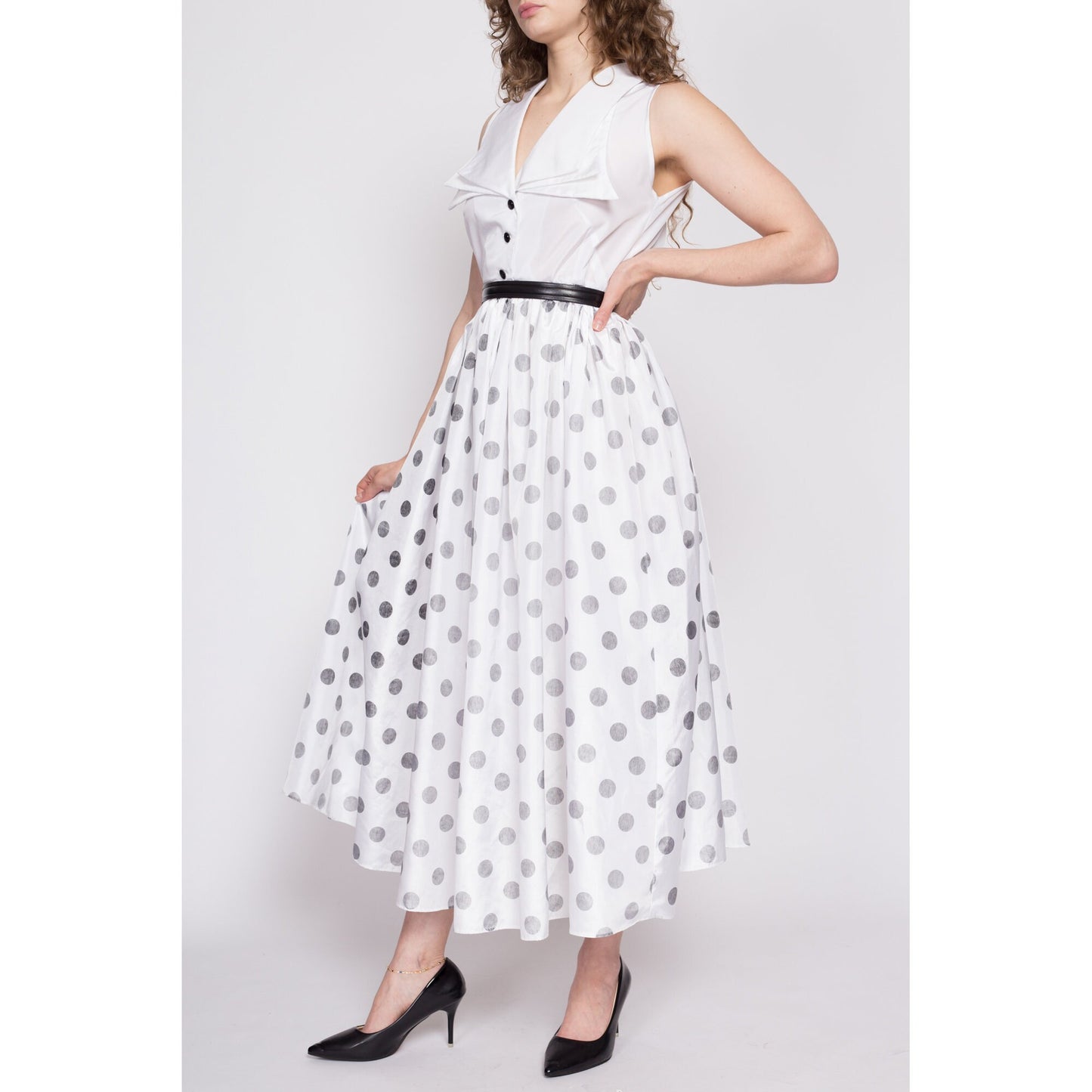 70s Polka Dot Hostess Maxi Dress - Medium | Vintage Black & White Pointed Statement Collar Sleeveless Fit Flare Gown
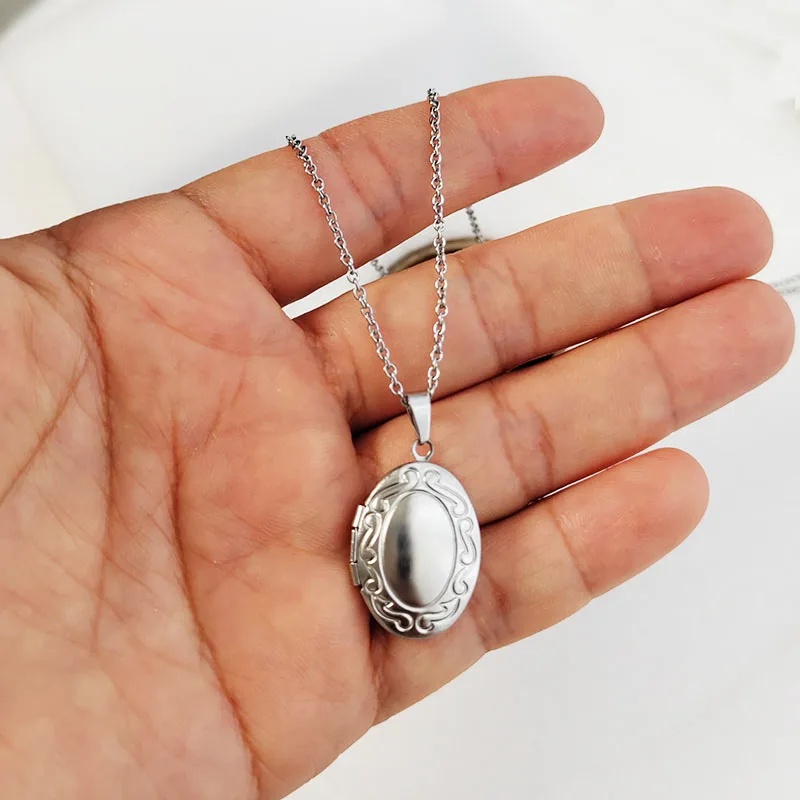 1pc Ruyi Oval As Ones Wish Stainless Steel Photo Frame Pendant Lucky Charms Locket Necklaces Women Men Fashion Memorial Jewelry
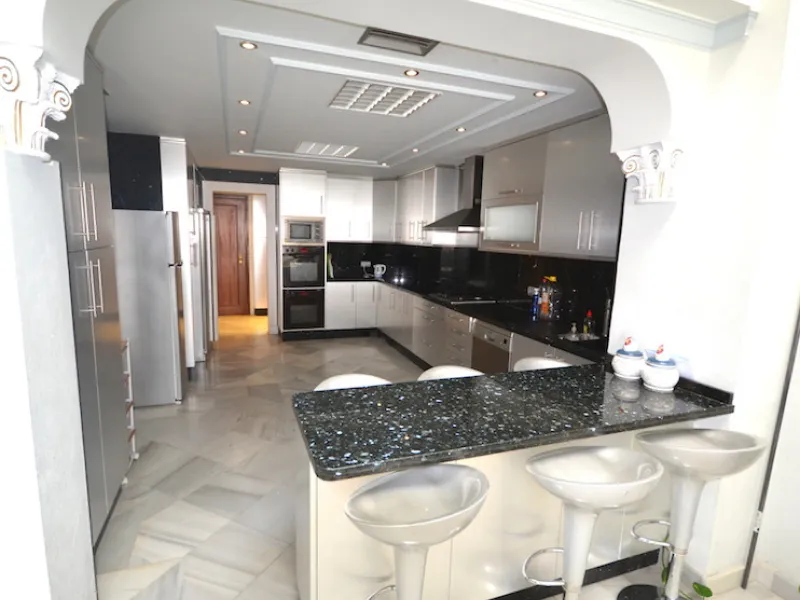 Stunning 4 bedroom duplex apartment in a beachfront urbanisation just a few steps from the heart of Puerto Banus. The apartment is located directly to the beach,   with stunning panoramic sea and beach views. The property has 4 ensuite bedrooms with fitte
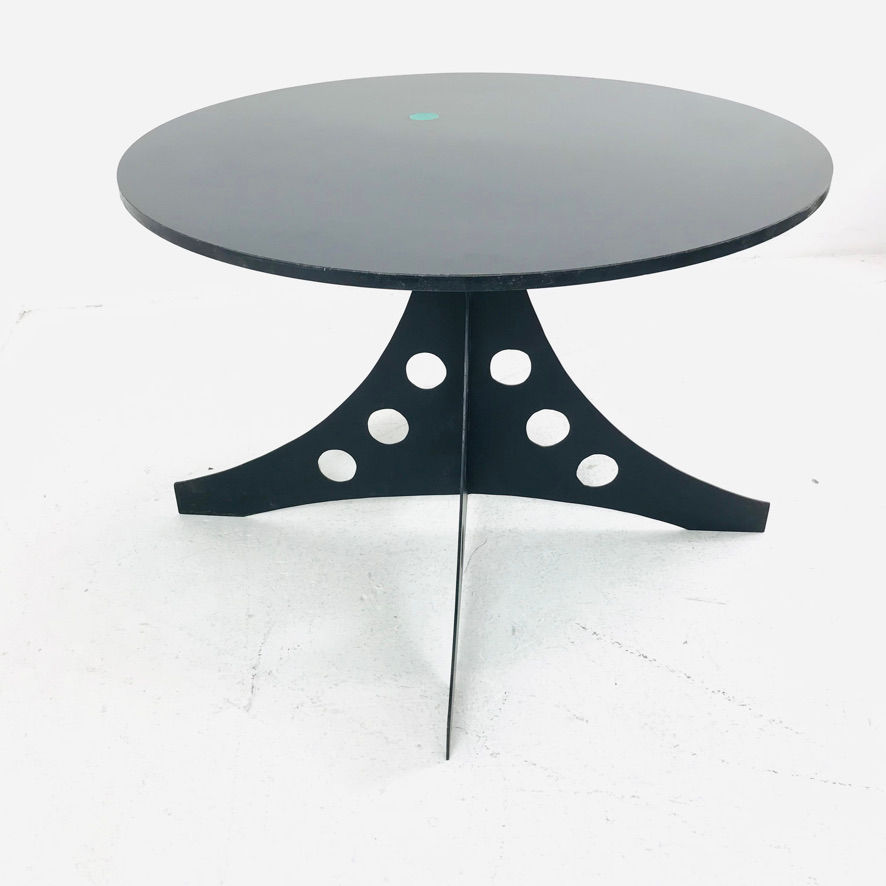 Thumbnail: #5926 Black Metal Round Table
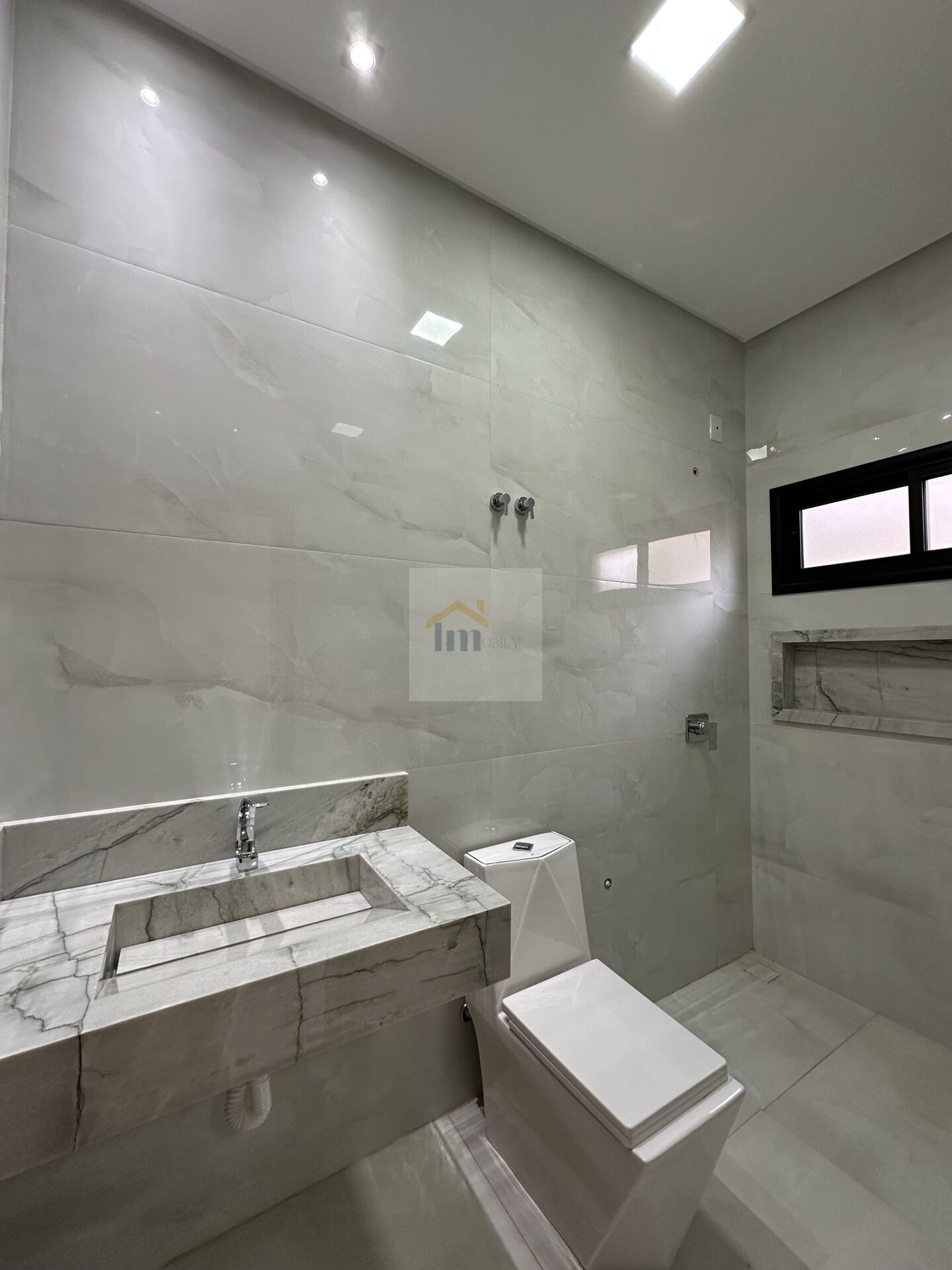 Casa à venda com 3 quartos, 215m² - Foto 9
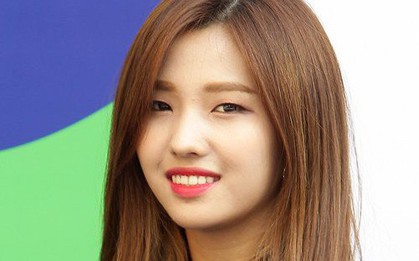 Đặt tên girlgroup mới là "Trẻ em", Cube bị netizen ném đá không thương tiếc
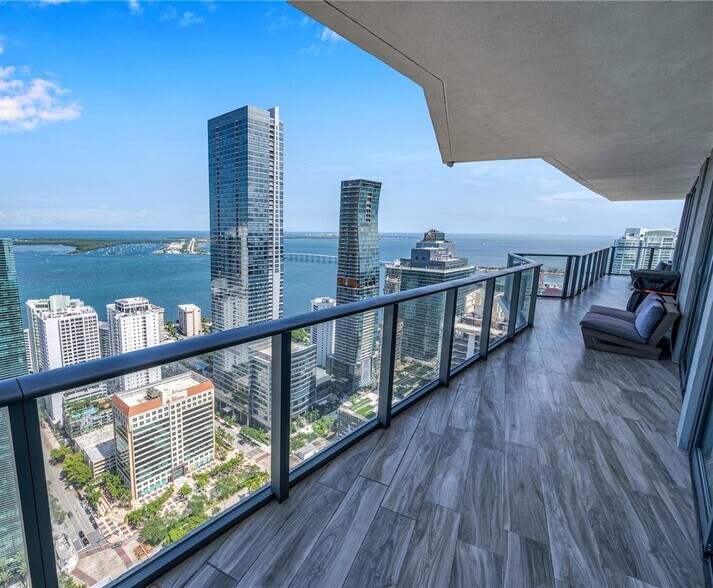 Building Photo - 1300 S Miami Ave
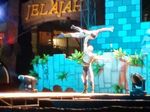 Meriah! Sirkus Tiongkok di Trans Studio Makassar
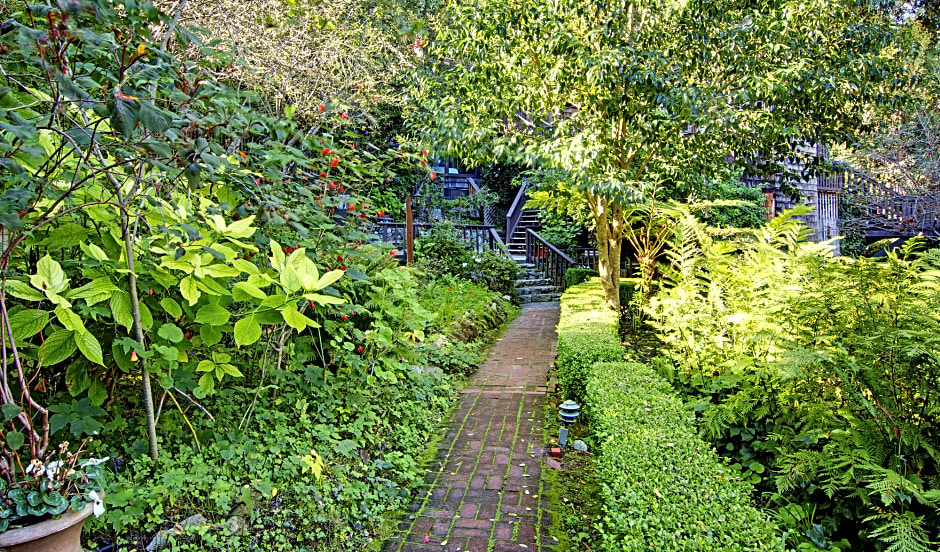 Babbling Brook Inn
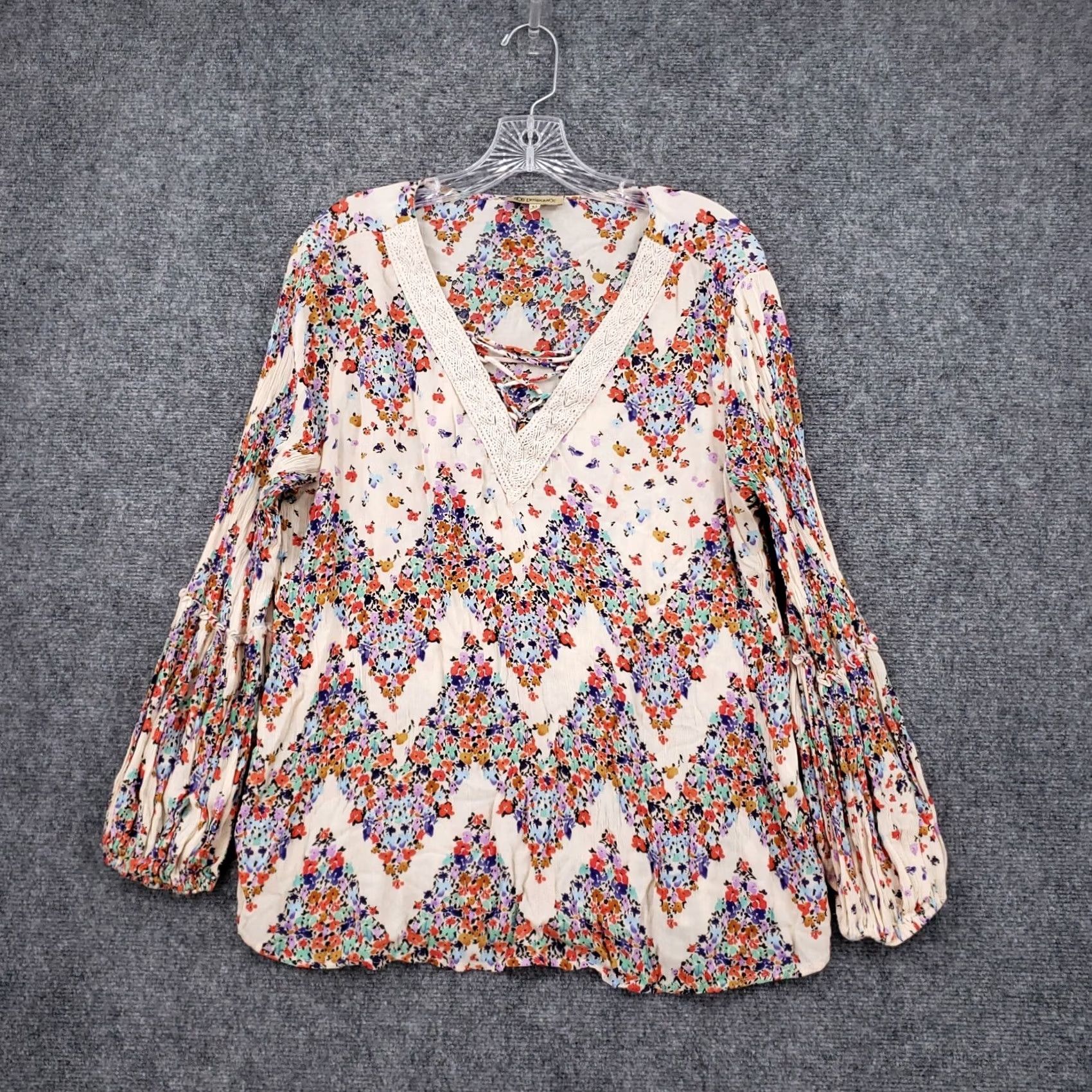 Vintage Democracy Blouse Shirt Womens XL Beige Floral Ditsy V-Neck Beaded Crochet Boho Cottagecore Size XL / US 12-14 / IT 48-50 - 2 Thumbnail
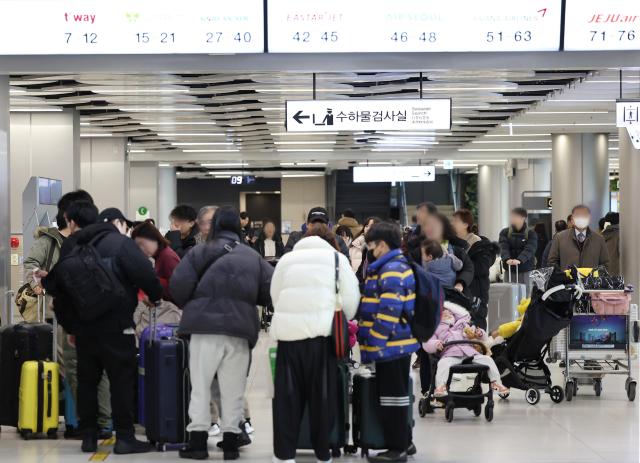 김포공항이 연휴를 앞둔 여행객들로 북적이고 있다 사진연합뉴스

● DIRECTIONS:
Leave every picture out, and transcribe the data above exactly as it reads.

● EXERCISE ANSWER:
 70s Polka Dot Hostess Maxi Dress - Medium | Vintage Black & White Pointed Statement Collar Sleeveless Fit Flare Gown
 1pc Ruyi Oval As Ones Wish Stainless Steel Photo Frame Pendant Lucky Charms Locket Necklaces Women Men Fashion Memorial Jewelry
 Stunning 4 bedroom duplex apartment in a beachfront urbanisation just a few steps from the heart of Puerto Banus. The apartment is located directly to the beach,   with stunning panoramic sea and beach views. The property has 4 ensuite bedrooms with fitte
 Thumbnail: #5926 Black Metal Round Table
 Casa à venda com 3 quartos, 215m² - Foto 9
 Đặt tên girlgroup mới là "Trẻ em", Cube bị netizen ném đá không thương tiếc
 Building Photo - 1300 S Miami Ave
 Meriah! Sirkus Tiongkok di Trans Studio Makassar
 Babbling Brook Inn
 Vintage Democracy Blouse Shirt Womens XL Beige Floral Ditsy V-Neck Beaded Crochet Boho Cottagecore Size XL / US 12-14 / IT 48-50 - 2 Thumbnail
 김포공항이 연휴를 앞둔 여행객들로 북적이고 있다 사진연합뉴스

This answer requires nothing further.